BC Liberals inherited a treasury brimming with cash

In less than a year we will be going to the polls for the provincial election. Before the political barbs begin to fly in earnest could we please level the playing field.

I can’t count the number of times while watching question period at the Leg the same tired line was spouted by Premier Christie Clark and members of her party. “In 2001 the outgoing NDP party left the financials in a mess.” That lie has proven the axiom, “Repeat a lie often enough and it will become fact.”

Reality? A healthy surplus was left for former premier Gordon Campbell and company to make theirs. Why the lie? Because the Liberals kept pounding the beat on how inept the NDP was – and when the Liberals took power and Campbell found out the truth, the only thing he could think of doing that was appropriate was to mislead the B.C. voters.
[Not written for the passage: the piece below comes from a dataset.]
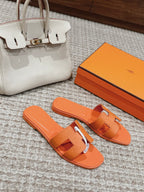 Oran Style Ostrich Texture Slides | Luxury Flat Sandals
The facts were plain to read in the transition binders that outgoing NDP Premier Ujjal Dosanjh gave Campbell right after the election, a surplus topping $1.5 billion. That is what the figures in the binder recorded for the fiscal year 2000-01, the last full fiscal year of NDP government.

Two days after the transition ceremony when the binders were handed over, Gordon Campbell met a scrum of press gallery reporters at Victoria’s Empress Hotel. There, where the 77-member B.C. Liberal caucus was holding its first post-election meeting, Campbell gave his answer. “Some of the problems that we face are as we thought and some are worse than we thought,” he said. “The finances of the province are worse than we anticipated.” He added, “The magnitude of the losses we may face compared to budget is still up in the air.”

Far from inheriting a fiscal disaster from the NDP, Campbell and his party were given a provincial treasury brimming with cash. But the voting public was led to think very much otherwise.

Is it too late to finally put these lies to rest? Yes, it has been an excellent ploy for our premier, but shouldn’t she be practising last election’s pledge to bring back transparency to government?